What I did like was how hard it was for Alyrra to pick up the Menaiyan language. She calls herself Lady Thoreena, but ends up being Thorn because the Menaiyans mispronounce her name. Thorn doesn’t spend a week and can hold conversations about politics. She starts out just like anybody, by learning how to say hello, how to count, how to ask for the most basic things. Especially fantasy novels tend to forget that different languages even exist, and when they do, they usually find a convenient reason for our heroine to learn it within hours or days. Thorn has to clumsily make herself understood, using hands and facial expression as much as her limited vocabulary. This makes it not only more realistic but also helps to show the readers how scary Thorn’s new life really is. Magic threats and hiding who you really are is one thing, but learning a new job, a new language, picking up a new culture is something entirely different. Thorn has a lot on her plate and her growth is a pleasure to watch.

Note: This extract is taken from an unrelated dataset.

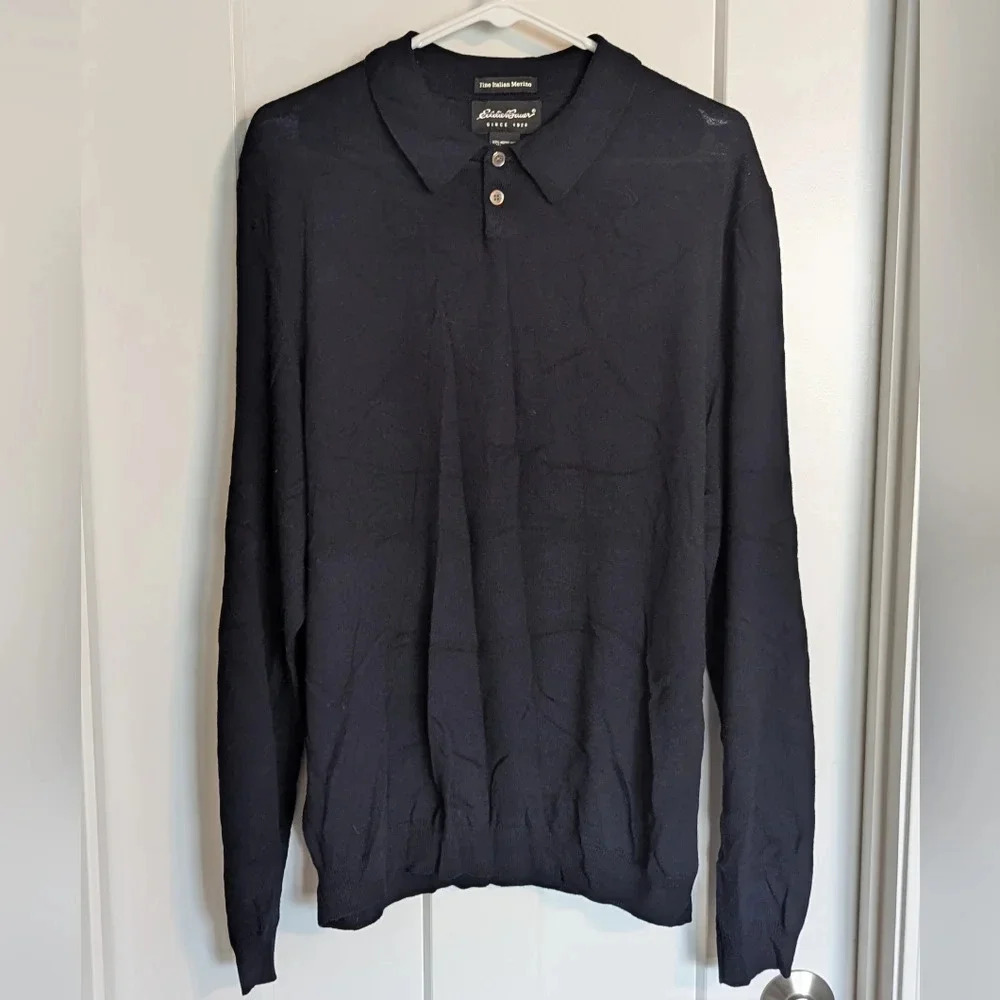 Eddie Bauer Navy Merino Wool Sweater Polo sz XL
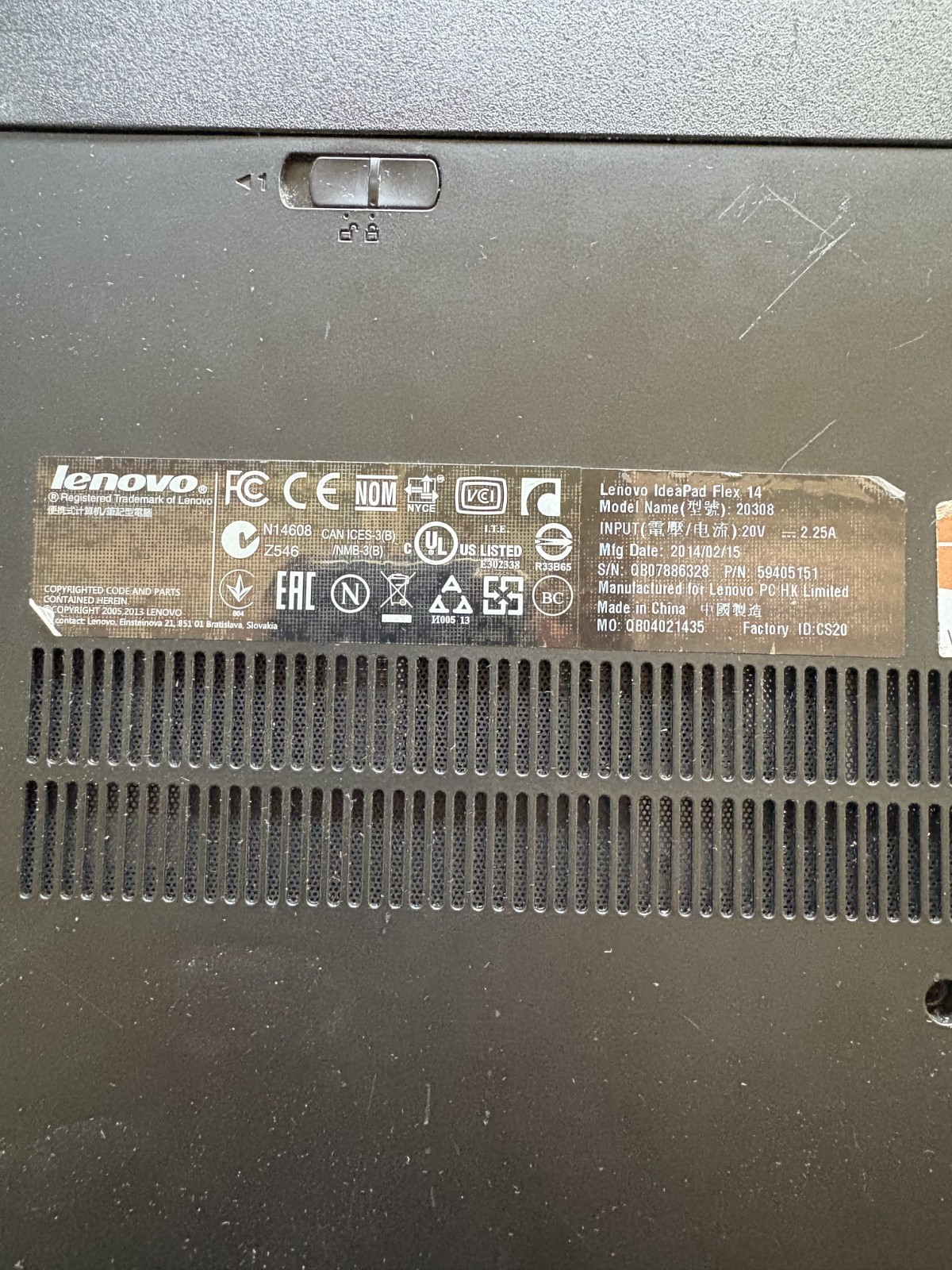 Lenovo IdeaPad Flex 14 Model 20308 – *NO SSD/HDD*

Thorn’s romance with the prince was mostly absent and built on mystery and mistrust rather than conversations and friendship. It wasn’t a tender thing slow to grow but rather one of suspicious glances, careful probing how far each one could go, and small infrequent gestures of kindness. The end felt a little to convenient and predictable to me. I do like that Alyrra had to save Prince Kestrin’s life, but that part came out of practically nowhere and could have used some build-up. Foreshadowing is a wonderful thing, when done right. In Thorn, it wasn’t done at all, it just whacks you over the head with a hammer.
However, despite my misgivings, this was a competent novel, especially since it was self-published. By that I don’t mean that self-published authors are generally bad writers but that it is obvious whether somebody just published their first draft or carefully went over it, got feedback from others, had someone proofread the book, and so on. Intisar Khanani clearly put in the effort to make what she published something she could be proud of. And in my opinion, she really can.